What’s Not So Good: Whether The Joker is lying or not remains to be seen. But Midnight apparently duping him doesn’t sit right with me. Then again, him working with Midnight in the first place didn’t either. I’m sure that’s mostly my inner Joker fan talking, but it’s still bothersome. Batman’s relationship with Detective Clarkson feels a little forced. No more than two issues ago, she was hitting him, and cursing his name for insinuating that her partner was Midnight. Now they’re all under the mistletoe? It’s not that their chemistry is bad it just feels like the middle chunk where she went from hate to love wasn’t ever shown.

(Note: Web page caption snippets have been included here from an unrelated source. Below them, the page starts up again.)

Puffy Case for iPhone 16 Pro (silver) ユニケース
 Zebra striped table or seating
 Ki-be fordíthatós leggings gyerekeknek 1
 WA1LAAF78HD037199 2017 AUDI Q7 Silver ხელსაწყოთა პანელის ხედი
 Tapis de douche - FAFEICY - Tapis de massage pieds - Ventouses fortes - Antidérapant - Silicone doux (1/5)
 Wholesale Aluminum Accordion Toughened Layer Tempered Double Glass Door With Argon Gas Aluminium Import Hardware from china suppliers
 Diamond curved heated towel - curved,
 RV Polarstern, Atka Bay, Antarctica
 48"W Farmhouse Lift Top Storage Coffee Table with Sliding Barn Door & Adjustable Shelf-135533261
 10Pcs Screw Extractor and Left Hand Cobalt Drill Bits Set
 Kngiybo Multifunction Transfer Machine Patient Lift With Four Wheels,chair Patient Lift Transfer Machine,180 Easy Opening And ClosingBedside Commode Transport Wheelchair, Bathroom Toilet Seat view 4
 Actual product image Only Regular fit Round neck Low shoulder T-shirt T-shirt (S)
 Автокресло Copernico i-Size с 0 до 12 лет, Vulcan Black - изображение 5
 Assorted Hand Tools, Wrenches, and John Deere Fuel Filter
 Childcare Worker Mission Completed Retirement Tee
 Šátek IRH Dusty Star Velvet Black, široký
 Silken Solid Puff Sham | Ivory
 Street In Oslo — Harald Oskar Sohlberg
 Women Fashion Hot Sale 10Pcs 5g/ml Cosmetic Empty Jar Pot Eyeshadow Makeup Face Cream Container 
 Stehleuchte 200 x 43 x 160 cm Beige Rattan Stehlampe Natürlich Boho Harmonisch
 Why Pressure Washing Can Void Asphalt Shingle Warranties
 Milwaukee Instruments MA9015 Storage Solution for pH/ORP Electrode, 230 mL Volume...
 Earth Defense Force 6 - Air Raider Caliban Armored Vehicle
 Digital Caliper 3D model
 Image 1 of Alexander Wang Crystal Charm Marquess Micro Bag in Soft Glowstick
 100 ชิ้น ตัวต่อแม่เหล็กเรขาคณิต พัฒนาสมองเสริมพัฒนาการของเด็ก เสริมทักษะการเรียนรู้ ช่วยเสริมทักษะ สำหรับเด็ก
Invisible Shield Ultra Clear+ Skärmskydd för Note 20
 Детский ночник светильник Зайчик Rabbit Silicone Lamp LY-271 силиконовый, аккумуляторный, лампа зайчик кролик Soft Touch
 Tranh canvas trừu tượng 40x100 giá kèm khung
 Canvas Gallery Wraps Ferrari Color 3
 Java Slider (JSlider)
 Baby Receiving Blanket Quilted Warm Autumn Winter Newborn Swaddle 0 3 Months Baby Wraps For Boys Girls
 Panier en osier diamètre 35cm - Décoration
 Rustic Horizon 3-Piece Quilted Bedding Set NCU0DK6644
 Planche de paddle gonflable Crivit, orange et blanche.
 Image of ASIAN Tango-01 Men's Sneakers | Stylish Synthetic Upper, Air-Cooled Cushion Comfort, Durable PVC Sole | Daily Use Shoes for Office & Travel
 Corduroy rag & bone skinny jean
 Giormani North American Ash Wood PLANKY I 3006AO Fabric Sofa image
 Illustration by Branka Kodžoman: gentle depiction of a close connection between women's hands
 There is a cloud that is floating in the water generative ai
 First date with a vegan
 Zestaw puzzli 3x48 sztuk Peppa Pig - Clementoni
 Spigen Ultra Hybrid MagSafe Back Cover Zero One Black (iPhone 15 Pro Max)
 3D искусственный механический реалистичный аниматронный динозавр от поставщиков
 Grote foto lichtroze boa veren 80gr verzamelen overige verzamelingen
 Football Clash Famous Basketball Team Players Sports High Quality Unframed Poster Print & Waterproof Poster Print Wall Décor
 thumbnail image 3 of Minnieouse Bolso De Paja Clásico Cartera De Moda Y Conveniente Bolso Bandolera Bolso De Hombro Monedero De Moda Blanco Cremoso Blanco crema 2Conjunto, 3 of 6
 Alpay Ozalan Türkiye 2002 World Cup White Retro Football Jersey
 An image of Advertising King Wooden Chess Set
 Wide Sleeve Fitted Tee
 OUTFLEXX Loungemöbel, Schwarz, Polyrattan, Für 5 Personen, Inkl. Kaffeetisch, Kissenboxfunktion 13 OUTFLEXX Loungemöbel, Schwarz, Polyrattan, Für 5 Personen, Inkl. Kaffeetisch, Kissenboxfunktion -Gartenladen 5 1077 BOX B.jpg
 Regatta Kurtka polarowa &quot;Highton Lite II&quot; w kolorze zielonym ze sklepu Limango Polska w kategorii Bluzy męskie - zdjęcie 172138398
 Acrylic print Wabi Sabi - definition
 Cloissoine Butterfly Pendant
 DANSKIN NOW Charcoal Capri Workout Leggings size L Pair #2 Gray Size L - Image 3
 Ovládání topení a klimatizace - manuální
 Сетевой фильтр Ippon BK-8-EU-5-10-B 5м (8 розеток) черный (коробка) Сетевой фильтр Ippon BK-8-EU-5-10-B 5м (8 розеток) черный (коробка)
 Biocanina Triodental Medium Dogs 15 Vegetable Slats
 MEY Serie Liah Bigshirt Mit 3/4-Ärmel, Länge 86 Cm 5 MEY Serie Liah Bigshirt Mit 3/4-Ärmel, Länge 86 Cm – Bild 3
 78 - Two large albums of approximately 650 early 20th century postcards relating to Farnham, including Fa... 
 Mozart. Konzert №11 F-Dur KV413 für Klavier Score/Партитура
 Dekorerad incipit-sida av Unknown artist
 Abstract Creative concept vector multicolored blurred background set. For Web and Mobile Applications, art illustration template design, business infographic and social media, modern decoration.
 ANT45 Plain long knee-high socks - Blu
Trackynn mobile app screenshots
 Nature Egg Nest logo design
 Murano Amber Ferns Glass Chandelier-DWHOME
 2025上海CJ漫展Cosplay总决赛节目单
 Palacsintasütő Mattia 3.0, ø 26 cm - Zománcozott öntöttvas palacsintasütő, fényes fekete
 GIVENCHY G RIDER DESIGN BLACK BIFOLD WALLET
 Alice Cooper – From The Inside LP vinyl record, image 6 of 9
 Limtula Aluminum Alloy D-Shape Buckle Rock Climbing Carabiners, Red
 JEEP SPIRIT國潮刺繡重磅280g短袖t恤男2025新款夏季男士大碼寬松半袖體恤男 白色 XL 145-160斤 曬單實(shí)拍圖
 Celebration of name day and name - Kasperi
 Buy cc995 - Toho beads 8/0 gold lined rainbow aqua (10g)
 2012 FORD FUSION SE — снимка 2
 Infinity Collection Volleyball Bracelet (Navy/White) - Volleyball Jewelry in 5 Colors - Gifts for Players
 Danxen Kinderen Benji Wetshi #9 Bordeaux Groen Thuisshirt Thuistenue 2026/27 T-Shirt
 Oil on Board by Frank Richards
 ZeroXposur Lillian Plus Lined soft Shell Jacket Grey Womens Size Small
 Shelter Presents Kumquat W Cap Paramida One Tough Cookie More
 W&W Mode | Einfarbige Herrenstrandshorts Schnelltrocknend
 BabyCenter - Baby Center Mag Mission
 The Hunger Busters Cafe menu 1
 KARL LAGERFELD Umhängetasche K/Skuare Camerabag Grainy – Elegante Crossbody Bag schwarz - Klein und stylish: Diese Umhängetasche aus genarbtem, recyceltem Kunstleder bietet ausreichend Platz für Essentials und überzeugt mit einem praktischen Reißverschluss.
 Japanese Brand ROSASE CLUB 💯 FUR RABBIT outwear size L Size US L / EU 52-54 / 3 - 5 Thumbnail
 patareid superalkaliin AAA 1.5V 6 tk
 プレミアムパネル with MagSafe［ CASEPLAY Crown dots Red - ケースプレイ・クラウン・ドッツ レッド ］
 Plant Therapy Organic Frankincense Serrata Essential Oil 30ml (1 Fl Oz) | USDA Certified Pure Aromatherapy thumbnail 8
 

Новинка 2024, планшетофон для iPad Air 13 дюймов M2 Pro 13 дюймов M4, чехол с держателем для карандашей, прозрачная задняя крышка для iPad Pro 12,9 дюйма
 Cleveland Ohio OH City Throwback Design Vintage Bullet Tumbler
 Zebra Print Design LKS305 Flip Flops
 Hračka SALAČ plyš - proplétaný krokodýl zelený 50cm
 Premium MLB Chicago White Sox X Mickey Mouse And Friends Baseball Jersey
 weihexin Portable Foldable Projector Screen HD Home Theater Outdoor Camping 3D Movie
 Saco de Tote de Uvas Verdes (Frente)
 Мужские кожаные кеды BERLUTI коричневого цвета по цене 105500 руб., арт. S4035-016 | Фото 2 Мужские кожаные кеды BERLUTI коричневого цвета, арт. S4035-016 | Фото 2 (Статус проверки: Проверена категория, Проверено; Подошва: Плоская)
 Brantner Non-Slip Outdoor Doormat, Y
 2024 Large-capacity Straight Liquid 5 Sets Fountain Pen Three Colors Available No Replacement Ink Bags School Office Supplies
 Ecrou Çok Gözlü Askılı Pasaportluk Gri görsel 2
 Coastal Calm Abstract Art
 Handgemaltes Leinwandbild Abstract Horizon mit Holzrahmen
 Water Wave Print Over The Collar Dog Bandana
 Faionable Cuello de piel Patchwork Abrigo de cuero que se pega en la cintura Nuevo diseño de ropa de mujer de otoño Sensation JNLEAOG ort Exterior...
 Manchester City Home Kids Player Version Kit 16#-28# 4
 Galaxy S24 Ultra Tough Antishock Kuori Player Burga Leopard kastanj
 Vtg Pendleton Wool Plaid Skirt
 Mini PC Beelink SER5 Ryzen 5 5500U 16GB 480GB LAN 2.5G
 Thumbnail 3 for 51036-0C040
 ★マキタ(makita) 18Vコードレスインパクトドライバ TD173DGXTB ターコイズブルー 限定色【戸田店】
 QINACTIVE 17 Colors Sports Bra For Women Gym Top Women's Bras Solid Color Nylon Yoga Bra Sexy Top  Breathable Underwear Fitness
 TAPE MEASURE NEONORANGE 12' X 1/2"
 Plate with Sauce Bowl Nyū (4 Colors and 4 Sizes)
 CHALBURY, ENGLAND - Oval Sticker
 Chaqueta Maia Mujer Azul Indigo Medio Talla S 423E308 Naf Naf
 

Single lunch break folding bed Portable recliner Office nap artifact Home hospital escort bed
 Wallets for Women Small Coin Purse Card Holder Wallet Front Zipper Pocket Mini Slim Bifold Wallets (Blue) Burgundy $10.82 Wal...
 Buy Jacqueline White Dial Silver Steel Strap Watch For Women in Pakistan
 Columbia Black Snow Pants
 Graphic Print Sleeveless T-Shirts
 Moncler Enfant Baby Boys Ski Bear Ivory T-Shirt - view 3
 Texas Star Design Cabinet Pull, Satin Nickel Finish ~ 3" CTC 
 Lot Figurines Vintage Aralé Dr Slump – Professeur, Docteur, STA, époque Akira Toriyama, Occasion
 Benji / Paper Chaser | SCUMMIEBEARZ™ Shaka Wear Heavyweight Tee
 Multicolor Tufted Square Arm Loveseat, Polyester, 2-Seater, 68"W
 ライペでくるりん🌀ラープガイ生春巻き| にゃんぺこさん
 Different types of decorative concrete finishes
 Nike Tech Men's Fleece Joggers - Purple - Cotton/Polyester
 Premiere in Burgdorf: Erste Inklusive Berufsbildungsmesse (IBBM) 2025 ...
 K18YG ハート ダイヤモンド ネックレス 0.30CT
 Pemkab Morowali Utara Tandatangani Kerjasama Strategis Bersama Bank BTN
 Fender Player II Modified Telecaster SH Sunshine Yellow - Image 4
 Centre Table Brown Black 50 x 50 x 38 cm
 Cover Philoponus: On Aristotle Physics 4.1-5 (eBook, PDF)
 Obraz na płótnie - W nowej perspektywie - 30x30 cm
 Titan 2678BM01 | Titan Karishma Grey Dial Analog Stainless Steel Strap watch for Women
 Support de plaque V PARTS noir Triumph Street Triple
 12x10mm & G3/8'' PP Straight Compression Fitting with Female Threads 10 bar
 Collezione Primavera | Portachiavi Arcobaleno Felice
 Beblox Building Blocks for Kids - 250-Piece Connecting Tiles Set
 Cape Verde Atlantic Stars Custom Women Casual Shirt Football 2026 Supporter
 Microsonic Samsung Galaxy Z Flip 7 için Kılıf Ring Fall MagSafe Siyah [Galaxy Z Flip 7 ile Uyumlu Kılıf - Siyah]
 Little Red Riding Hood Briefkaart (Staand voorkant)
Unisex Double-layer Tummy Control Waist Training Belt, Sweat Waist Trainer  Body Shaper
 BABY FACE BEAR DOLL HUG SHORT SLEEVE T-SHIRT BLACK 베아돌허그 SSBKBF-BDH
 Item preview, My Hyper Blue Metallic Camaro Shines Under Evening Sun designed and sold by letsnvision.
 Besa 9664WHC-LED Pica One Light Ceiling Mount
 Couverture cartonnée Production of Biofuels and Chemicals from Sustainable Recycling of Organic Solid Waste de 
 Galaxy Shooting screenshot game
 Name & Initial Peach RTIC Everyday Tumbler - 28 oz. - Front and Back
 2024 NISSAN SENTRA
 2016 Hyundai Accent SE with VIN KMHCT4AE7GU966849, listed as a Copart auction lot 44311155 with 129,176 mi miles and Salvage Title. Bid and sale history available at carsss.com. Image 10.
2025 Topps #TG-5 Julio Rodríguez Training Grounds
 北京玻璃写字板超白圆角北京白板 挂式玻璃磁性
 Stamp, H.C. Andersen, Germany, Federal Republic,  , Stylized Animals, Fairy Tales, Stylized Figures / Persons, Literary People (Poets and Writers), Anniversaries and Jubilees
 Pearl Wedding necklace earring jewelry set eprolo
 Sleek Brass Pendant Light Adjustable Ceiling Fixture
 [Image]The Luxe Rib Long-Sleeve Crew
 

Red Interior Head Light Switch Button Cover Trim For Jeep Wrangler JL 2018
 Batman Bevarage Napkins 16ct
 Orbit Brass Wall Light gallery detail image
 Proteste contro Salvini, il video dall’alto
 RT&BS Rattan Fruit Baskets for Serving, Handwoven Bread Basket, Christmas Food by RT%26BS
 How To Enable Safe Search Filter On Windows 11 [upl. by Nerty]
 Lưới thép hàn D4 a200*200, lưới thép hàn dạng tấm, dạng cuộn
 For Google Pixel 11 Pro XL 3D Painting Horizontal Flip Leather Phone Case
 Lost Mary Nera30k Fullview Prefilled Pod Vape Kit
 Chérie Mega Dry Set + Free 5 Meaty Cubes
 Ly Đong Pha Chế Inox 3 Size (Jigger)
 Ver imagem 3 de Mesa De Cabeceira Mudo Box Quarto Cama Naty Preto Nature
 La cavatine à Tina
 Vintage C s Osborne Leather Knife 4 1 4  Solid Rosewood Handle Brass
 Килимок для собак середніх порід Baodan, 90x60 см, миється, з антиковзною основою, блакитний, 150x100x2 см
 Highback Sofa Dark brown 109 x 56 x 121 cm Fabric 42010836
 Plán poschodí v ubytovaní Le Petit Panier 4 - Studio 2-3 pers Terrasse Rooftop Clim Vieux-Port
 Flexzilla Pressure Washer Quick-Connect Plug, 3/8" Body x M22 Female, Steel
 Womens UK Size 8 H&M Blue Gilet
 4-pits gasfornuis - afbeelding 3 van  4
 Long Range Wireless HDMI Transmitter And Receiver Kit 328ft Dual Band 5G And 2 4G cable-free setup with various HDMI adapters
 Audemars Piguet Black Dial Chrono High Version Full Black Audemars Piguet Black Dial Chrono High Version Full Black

Midnight remains the book’s weakest link. Frankly, he’s too much like The Joker without any of the cool. His sing-songy dialogue is just grating and cliche — not taunting, puzzling, creepy, or crazy.

Conclusion: Since the series has been hit or miss as of late, it’s hard to get too excited about this being a good issue. That inconsistency makes it most frustrating for fans because there’s so much potential that isn’t being capitalized on consistently. Still, Kelly Jones remains a hero and the art of this book should be admired by all.

Grade: C+

-Ben Berger

One Response

  1. Easily the worst series of the year and that includes Archie and that shit-ass Billy Batson comic with the Dexter’s Laboratory art.

    I gave it until issue #5 to find a direction and it did, my toilet.